Scraped caption text data
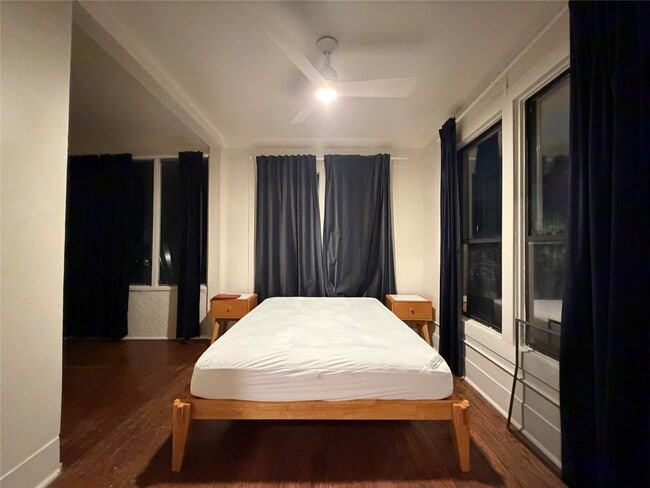 Building Photo - 402 Hyde Park Blvd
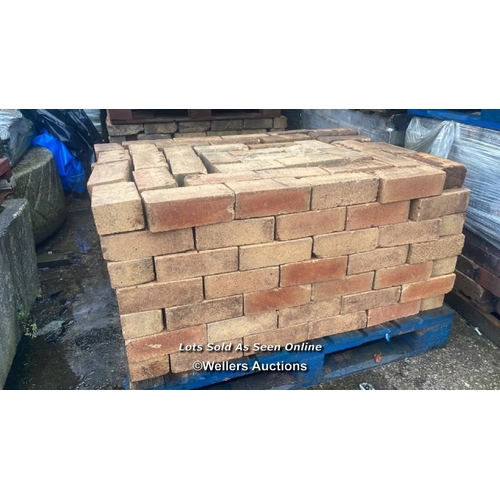 1456 - PALLET OF APPROX. 200X SMOOTH YELLOW BRICKS, RECLAIMED FROM AN OLD BRICKWORKS, APPROX. 80YRS OLD, SM... 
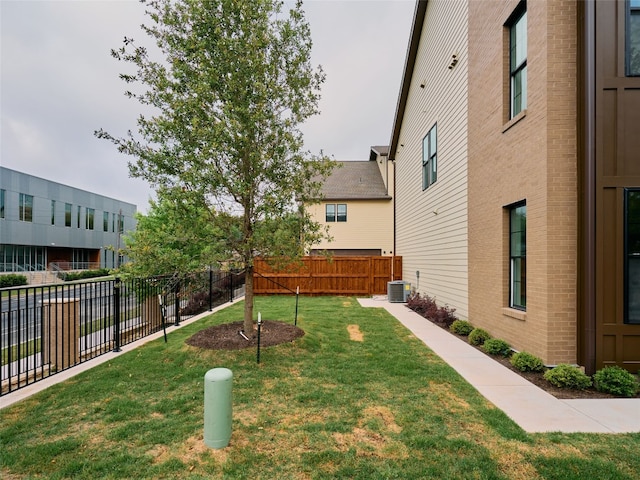 2209 Woodland Ave Unit 501, Austin, TX 78741 - view of yard with central AC unit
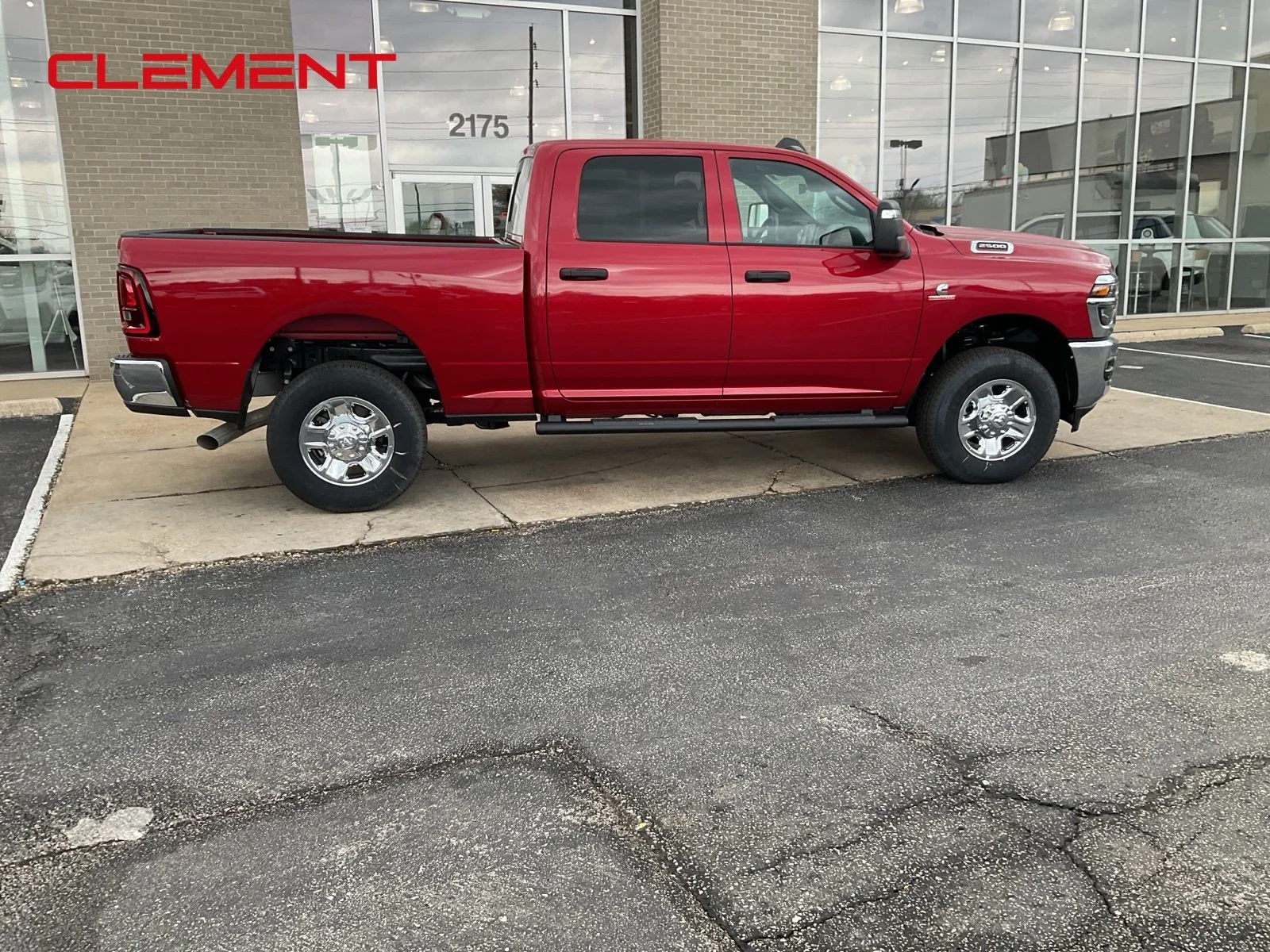 New 2026 Molten Red Pearl-Coat Exterior Paint RAM Tradesman image 4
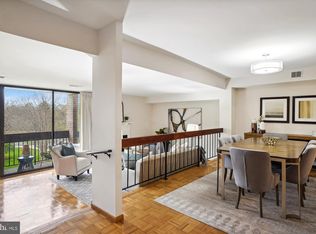 4932 Sentinel Dr #6-301, Bethesda, MD 20816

Task to carry out
Exactly the lines from the one containing "1456 - PALLET" through the last line of the data above should be output, both ends included, with every picture left out.

Answer for this exercise
 1456 - PALLET OF APPROX. 200X SMOOTH YELLOW BRICKS, RECLAIMED FROM AN OLD BRICKWORKS, APPROX. 80YRS OLD, SM... 
 2209 Woodland Ave Unit 501, Austin, TX 78741 - view of yard with central AC unit
 New 2026 Molten Red Pearl-Coat Exterior Paint RAM Tradesman image 4
 4932 Sentinel Dr #6-301, Bethesda, MD 20816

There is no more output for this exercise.